• **The problem**
Copy each line of the data beneath in which the word "Green" appears.

Records from a dataset

###

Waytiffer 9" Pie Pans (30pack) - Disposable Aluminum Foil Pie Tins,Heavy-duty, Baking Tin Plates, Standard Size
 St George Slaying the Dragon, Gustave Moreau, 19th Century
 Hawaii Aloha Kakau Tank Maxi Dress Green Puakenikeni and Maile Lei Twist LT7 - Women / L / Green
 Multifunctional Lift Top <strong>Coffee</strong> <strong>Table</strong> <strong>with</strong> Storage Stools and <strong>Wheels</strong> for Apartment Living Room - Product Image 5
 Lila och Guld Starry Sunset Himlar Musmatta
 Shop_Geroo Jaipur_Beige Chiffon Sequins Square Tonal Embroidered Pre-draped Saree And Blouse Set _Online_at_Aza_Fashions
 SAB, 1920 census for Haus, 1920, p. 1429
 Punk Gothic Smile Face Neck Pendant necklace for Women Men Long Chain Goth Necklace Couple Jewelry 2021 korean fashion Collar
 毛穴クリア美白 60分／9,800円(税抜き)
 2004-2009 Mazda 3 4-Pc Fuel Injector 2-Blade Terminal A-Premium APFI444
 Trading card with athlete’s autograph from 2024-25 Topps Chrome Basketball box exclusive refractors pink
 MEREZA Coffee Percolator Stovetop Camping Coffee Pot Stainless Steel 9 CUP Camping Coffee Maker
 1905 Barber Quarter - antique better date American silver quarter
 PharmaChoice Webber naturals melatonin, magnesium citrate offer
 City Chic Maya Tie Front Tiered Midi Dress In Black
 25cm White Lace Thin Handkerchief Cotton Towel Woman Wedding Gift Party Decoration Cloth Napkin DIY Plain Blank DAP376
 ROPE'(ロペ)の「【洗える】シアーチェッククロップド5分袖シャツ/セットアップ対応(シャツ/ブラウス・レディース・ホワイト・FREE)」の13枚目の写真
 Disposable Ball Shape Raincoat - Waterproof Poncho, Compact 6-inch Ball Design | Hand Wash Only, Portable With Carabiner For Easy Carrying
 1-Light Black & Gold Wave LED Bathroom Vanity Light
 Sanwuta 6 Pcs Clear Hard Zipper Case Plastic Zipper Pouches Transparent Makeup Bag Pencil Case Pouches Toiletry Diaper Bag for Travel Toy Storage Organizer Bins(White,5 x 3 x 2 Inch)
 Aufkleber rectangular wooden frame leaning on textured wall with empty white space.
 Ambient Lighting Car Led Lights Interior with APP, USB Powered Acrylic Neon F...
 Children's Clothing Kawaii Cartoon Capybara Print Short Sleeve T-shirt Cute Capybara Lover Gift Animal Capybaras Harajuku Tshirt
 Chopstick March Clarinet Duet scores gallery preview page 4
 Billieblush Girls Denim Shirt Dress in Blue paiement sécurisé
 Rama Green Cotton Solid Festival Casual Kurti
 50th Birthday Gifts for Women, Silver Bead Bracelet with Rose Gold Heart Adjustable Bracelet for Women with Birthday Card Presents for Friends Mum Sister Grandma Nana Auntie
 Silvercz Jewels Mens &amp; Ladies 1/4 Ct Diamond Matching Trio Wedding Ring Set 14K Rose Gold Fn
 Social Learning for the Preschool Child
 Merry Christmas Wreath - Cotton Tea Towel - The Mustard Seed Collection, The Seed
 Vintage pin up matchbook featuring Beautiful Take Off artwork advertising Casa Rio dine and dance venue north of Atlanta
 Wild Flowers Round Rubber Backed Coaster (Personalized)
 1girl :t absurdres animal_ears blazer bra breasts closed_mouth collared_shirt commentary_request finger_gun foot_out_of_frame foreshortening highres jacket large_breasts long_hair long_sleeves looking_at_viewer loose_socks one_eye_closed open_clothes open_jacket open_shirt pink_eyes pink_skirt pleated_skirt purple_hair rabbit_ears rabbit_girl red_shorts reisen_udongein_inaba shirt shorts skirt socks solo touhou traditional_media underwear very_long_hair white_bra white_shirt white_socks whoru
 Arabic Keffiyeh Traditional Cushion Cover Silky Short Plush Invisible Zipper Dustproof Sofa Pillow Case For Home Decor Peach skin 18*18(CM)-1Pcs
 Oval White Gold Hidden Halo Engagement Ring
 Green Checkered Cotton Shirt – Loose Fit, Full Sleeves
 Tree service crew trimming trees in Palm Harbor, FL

###

• **Task solution**
 Hawaii Aloha Kakau Tank Maxi Dress Green Puakenikeni and Maile Lei Twist LT7 - Women / L / Green
 Rama Green Cotton Solid Festival Casual Kurti
 Green Checkered Cotton Shirt – Loose Fit, Full Sleeves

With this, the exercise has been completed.